La exposición sigue itinerando por toda Andalucía. La próxima parada es en Sevilla y estará abierta al público hasta el 31 de octubre en la Biblioteca Infanta Elena. La muesta viene acompañada por un catálogo en el que han participado Pablo García Baena, Ginés Liébana, José María de la Torre, Carlos Clementson, María del Pilar Palomo, Fanny Rubio, Pilar Vega Rodríguez, Blas Sánchez Dueñas y Juan de Dios García.

 

Ricardo Molina


Poeta del grupo Cántico había nacido en Puente Genil, pero en 1925, con solo 8 años de edad, su familia se trasladó a Córdoba. El 23 de enero de 1968 falleció a la temprana edad de 51 años. Aquí se desarrolló su vida, y más concretamente en la casa número 26 de la calle Lineros, donde un artístico azulejo lo recuerda desde el décimo aniversario de su muerte. Molina se licenció en Historia en 1941 y comenzó a dar clase en las academias cordobesas Hispana y Espinar y, desde 1966, en el Instituto Provincial, al tiempo que trababa amistad con Juan Bernier y Pablo García Baena, con quienes formaría la mejor generación de poetas cordobeses. En 1947 se funda la revista Cántico, de la que él, con su gran personalidad, se convertiría en alma. Entre sus libros de poemas hay que destacar Elegías de Sandua, Corimbo, que ganó el Premio Adonais en 1949, La casa y A la luz de cada día. Su obra se caracteriza por una fuerte interiorización de la naturaleza, un sensualismo vital y el arraigado amor a su tierra.

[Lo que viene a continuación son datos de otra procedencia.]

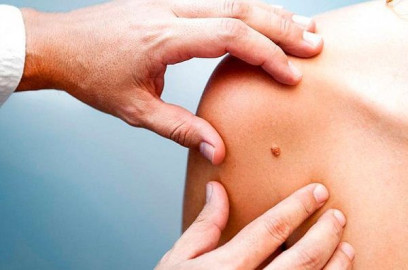 Cáncer de piel causante de una muerte cada 52 minutos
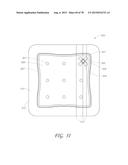 WOUND DRESSING AND METHOD OF TREATMENT diagram and image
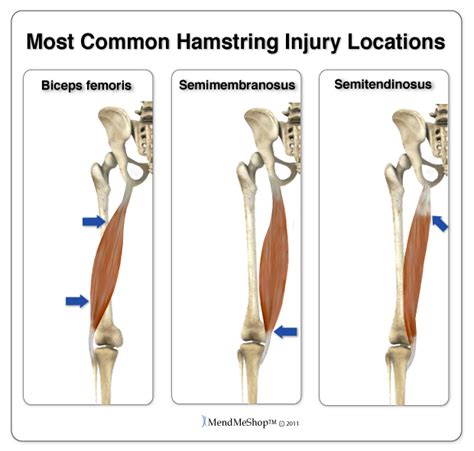 Proximal Hamstring Tendon Rupture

Siempre vivió en Córdoba dedicado a la enseñanza, la creación literaria y el afán de indagación en los cantes de la tierra.
Fue Ricardo Molina quien, a partir de leer el libro Flamencología, de Anselmo González, tuvo la idea de la creación del Concurso Nacional de Arte Flamenco en Córdoba, que compartió con el alcalde Antonio Cruz Conde, convirtiéndola en realidad en 1956.
 


Obras:

Con motivo del centenario del nacimiento de Ricardo Molina, el Centro Andaluz de las Letras ha editado 2.000 ejemplares de la antología ‘Aún es Córdoba bella…’ , una selección de textos de Ricardo Molina, elaborada por el poeta y crítico Carlos Clementson; quien recoge ahora el testigo que dejara, años atrás, Mariano Roldán, y propone un viaje esclarecedor en torno al universo lírico de Ricardo Molina.

La publicación, que recopila poemas pertenecientes a los libros ‘El río de los ángeles’, ‘Regalo de amante’, ‘Elegías de Sandua’, ‘Corimbo’, ‘Elegía de Medina Azahara, ‘Psalmos’ y diversos textos de homenaje, está disponible en formato digital y puede descargarse gratuitamente.